Make Mine a Blend!
Wine lovers across the country celebrate September as California Wine Month, an occasion to enjoy the bounty of California’s diverse wine growing regions! Today’s blended offerings are lovely, delightful and include plenty of options for the white wine lover as well.
With the last of the outdoor weather holding up for festivals, parties and back-to-school pot-luck gatherings, today’s white and red wine blends are the perfect way to ease into fall routines and activities. During this time, there are many locally grown fruits and vegetables available at our local farmers markets – wine blends make great pairings to enjoy this special time of harvest.
Worldwide, wine grape vineyards are producing more variety that ever before. In the past, single varietals would be grown on vineyard plots designed for maximum growth and production of a single type of wine grape. Today, vineyard managers may use vineyards in a segmented method to maximize a ten-acre plot into four to six grape varietals or more, thinning and pruning the vines to get the very best fruit, even in smaller quantities. With the smaller quantity but higher quality of fruit, the wine grapes are developed with acidity and concentrated flavor. Row by row, each varietal stands to grow into its perfect example, absorbing the perfect balance of sunshine, moisture, temperature and nutrients from the soil. A grower may cultivate chardonnay, chenin blanc, grenache blanc or others, dependent on how that vineyard stretches across the land; its slope, elevation, water, heat and natural influences make each of those grapevines grow into their best form.
With such variety, growers can offer wine grapes that have shared a somewhat harmonized growing environment; all the grapes grown in the same area have shared resources yet grown into their own individual beauty. These grapes can make some of the most beautiful blends to enjoy. If California farmers’ markets are the example of farm to table, then today’s wine blends can be our very own vineyard to glass!
The terms “white blend” or “red blend” are a general catch-all description of wine varietals that have been blended together but are not necessarily the traditional blends such as Bordeaux. A red Bordeaux is a blended wine, but it is a specific blend that must have particular ingredients such as cabernet sauvignon, merlot and cabernet franc with a dash of malbec and petit verdot. A white Bordeaux will be made of sauvignon blanc and semillon with a dash of muscadelle (not sweet, like moscato).
Bordeaux blends are specific, whereas today’s lovely wine blends are individually created works of art, curated by the winemaker according to what she is looking for in balance, complexity and bouquets of flavor. Blended components are typically listed on the label or in the seller’s notes, which may showcase only the base wine that is the largest percentage wine grape in that bottle. For example, chardonnay could be 60 percent of the wine structure where a blend of chenin blanc, semillon and roussanne may make up the remaining 40 percent of the white wine blend.
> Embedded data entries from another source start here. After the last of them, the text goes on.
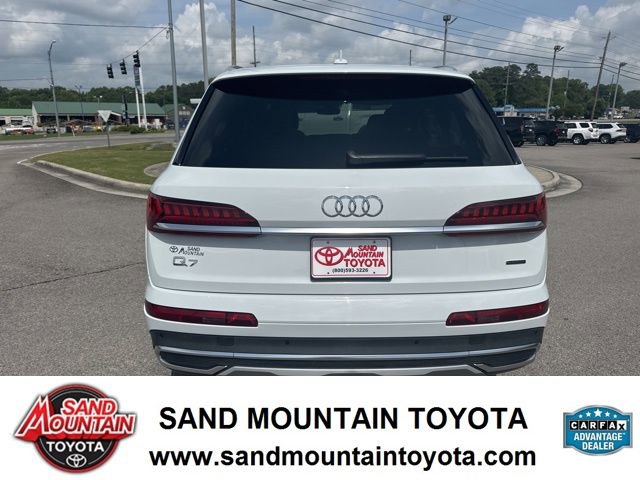 Used 2020 Audi Q7 3.0T Premium Plus w/ Premium Plus Package AWD/4WD image 4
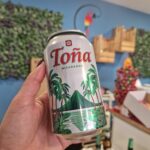Toña Lata cerveza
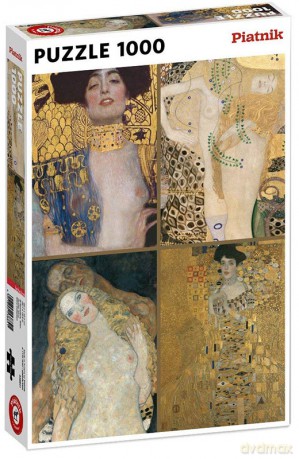 PIATNIK 1000 el. Klimt Collection [PUZZLE]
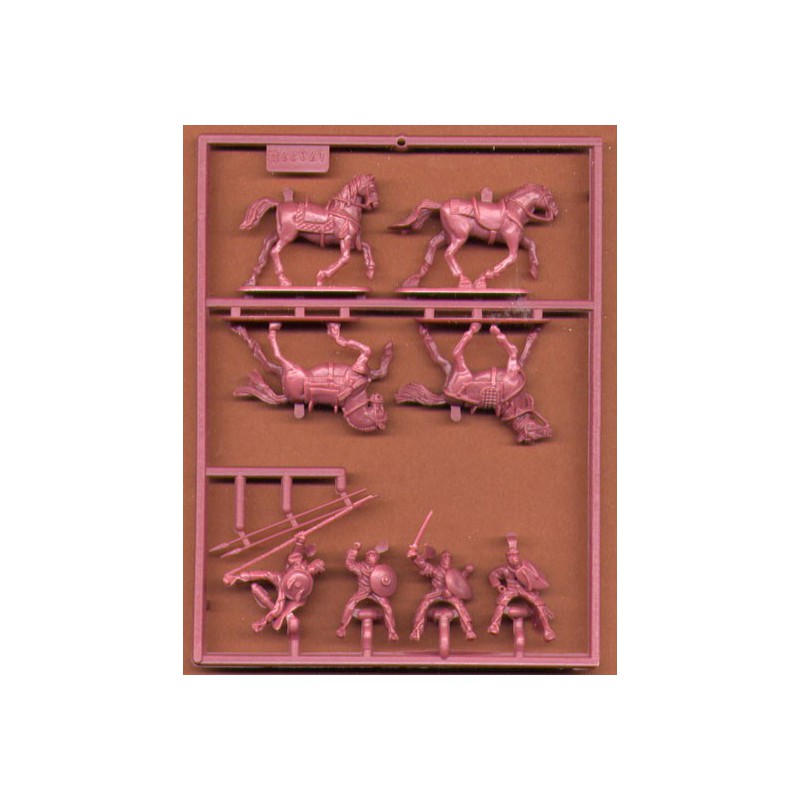 Schwere Kavallerie -Figur Almoravid1/72 | Scientific-MHD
One of my favorite discoveries has been symphony. As both a specific grape and a style of blended white wine, the symphony has a great American story. Created by a University of California, Davis, inventor, Harold Olmo, in 1948, this new California varietal began by crossing the muscat and grenache gris grapes, creating the symphony grape. Although the easy-growing symphony is still gaining awareness among wine lovers, winemakers have been working with the grape’s unique textures and characteristics since the early 1980s to showcase symphony’s structure and ability to blend with friends. Greenish-silver in color, the symphony grape begins with a floral nose that gives way to stone fruit and minerality on the tongue. Not sweet by nature, the fruit structure makes it an excellent pairing with salads and summer squash. On retail shelves, we see symphony in many wine labels as part of the given style and branding of blended wines. If you have not yet seen symphony on the shelf, it’s coming! Remember when chardonnay was “just a French grape”?
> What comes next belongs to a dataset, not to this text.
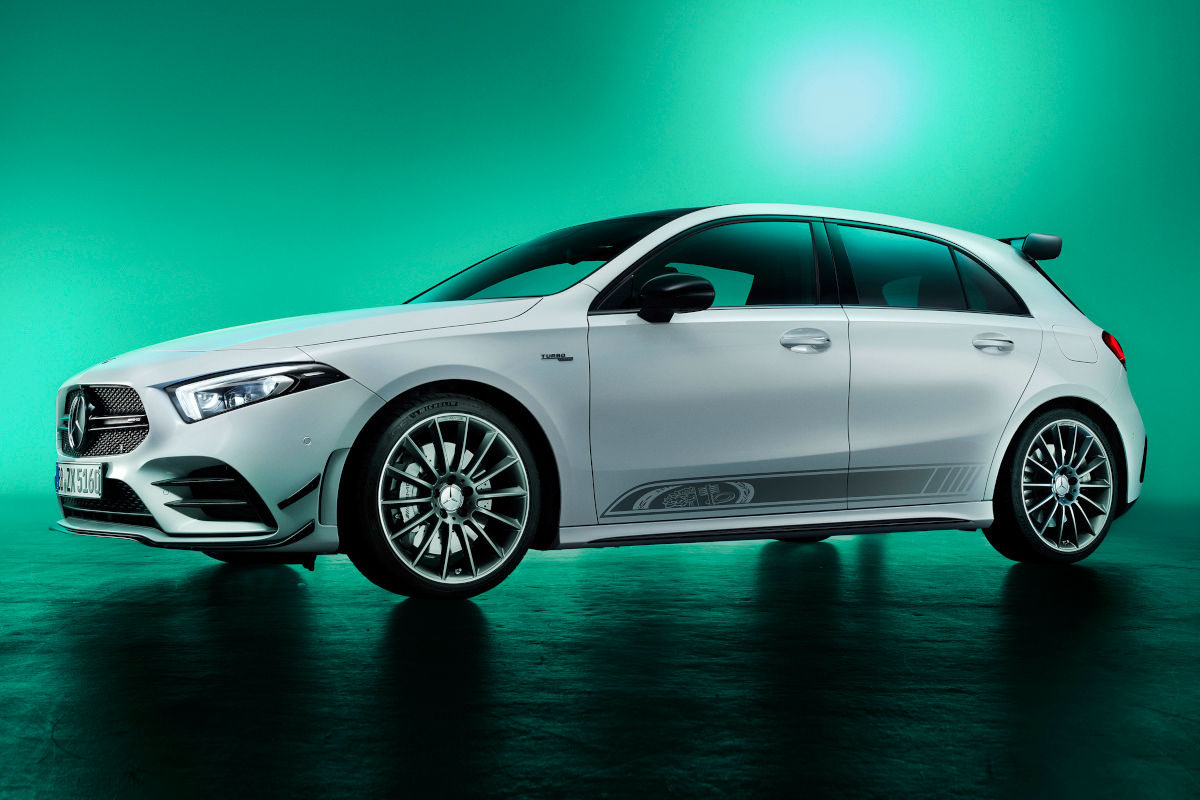 Mercedes-Benz amg-a35 - amg-a35 Price, Specs, Images, Colours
Luckily, the Sierra Foothills and Central Valley of California have an ideal blend of weather and growing conditions that an entire wine section can be dedicated to California blends at most retailers. It’s the same for red wine blends; today’s offerings are wonderfully plentiful for consumers; there was a high yield of red wine grapes last year, which contributes to nearly unlimited blending options for the artisan winemakers of today.
If you happen to love chenin blanc or have perhaps discovered symphony for yourself, look for wines that have the predominant wine grape of your choice and start exploring white wine blends that suit your palate. Here’s to a symphony in your glass! ■
Sources: winemag.com and worldsbestwines.eu.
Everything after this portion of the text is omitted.